Captivating, frightening, and a singular achievement.

As Ireland devolves into a brutal police state, one woman tries to preserve her family in this stark fable.

For Eilish Stack, a molecular biologist living with her husband and four children in Dublin, life changes all at once and then slowly worsens beyond imagining. Two men appear at her door one night, agents of the new secret police, seeking her husband, Larry, a union official. Soon he is detained under the Emergency Powers Act recently pushed through by the new ruling party, and she cannot contact him. Eilish sees things shifting at work to those backing the ruling party. The state takes control of the press, the judiciary. Her oldest son receives a summons to military duty for the regime, and she tries to send him to Northern Ireland. He elects to join the rebel forces and soon she cannot contact him, either. His name and address appear in a newspaper ad listing people dodging military service. Eilish is coping with her father’s growing dementia, her teenage daughter’s depression, the vandalizing of her car and house. Then war comes to Dublin as the rebel forces close in on the city. Offered a chance to flee the country by her sister in Canada, Eilish can’t abandon hope for her husband’s and son’s returns. Lynch makes every step of this near-future nightmare as plausible as it is horrific by tightly focusing on Eilish, a smart, concerned woman facing terrible choices and losses.
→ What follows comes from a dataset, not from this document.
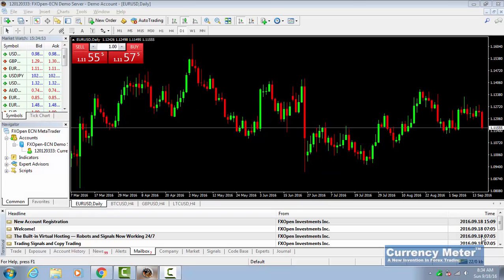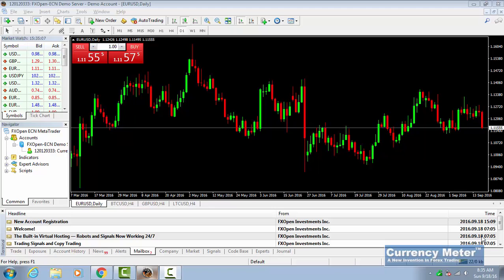Since the MT4 platform is an international application, it is released in multiple languages. In this video, I am going to show you how to quickly change the language of the platform to whatever language that you speak so that you can trade in your own language.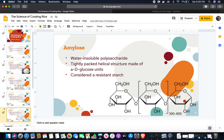Amylose, on the other hand, is similar in that it's a water-insoluble polysaccharide, but it's tightly packed in a helical structure made of alpha-D glucose units and is considered a resistant starch.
An exceptionally gifted writer, Lynch brings a compelling lyricism to her fears and despair while he marshals the details marking the collapse of democracy and the norms of daily life. His tonal control, psychological acuity, empathy, and bleakness recall Cormac McCarthy’s The Road (2006). And Eilish, his strong, resourceful, complete heroine, recalls the title character of Lynch’s excellent Irish-famine novel, Grace (2017).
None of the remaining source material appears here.